## [Brief]
In the listing below, find each line with the string "Life" and return it.

=-=-=-=-=

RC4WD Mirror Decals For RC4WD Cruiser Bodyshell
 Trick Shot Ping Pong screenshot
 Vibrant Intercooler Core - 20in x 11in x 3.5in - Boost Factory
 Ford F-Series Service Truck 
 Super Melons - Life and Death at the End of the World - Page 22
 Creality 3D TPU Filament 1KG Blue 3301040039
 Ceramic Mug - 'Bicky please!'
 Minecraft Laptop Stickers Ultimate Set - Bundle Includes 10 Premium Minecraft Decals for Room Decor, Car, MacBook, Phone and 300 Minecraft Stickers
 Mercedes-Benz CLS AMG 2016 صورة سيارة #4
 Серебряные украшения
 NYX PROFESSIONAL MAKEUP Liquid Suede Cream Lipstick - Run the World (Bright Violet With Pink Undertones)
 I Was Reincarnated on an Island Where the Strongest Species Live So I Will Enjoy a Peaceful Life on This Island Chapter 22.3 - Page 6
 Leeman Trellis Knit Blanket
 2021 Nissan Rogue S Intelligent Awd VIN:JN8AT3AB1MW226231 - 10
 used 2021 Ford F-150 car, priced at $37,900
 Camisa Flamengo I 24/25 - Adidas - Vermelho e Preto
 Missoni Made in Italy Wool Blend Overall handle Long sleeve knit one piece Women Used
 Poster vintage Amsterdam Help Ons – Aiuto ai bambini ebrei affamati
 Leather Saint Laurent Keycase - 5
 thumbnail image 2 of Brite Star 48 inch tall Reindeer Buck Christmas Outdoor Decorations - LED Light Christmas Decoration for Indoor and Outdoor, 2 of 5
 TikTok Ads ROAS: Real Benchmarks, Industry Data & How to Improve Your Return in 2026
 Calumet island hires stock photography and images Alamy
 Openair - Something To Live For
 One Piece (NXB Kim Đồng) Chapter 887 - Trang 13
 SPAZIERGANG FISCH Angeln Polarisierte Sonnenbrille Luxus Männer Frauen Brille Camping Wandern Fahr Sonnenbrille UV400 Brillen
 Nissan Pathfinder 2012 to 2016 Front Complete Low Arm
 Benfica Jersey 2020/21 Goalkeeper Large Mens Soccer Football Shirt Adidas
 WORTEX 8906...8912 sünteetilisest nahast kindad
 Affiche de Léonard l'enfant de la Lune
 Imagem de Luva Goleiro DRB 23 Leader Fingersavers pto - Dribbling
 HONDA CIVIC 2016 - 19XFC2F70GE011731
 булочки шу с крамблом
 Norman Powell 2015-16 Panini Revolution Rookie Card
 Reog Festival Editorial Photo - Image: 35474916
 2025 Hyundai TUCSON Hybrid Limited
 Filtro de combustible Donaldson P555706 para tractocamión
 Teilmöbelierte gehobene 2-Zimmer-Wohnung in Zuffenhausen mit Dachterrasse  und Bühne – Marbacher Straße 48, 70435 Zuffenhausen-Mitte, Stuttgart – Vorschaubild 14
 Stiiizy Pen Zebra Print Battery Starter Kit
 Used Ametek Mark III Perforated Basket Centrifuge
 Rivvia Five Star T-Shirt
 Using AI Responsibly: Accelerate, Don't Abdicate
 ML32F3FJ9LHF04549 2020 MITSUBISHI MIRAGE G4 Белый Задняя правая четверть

=-=-=-=-=

## [Result for this task]
 Super Melons - Life and Death at the End of the World - Page 22
 I Was Reincarnated on an Island Where the Strongest Species Live So I Will Enjoy a Peaceful Life on This Island Chapter 22.3 - Page 6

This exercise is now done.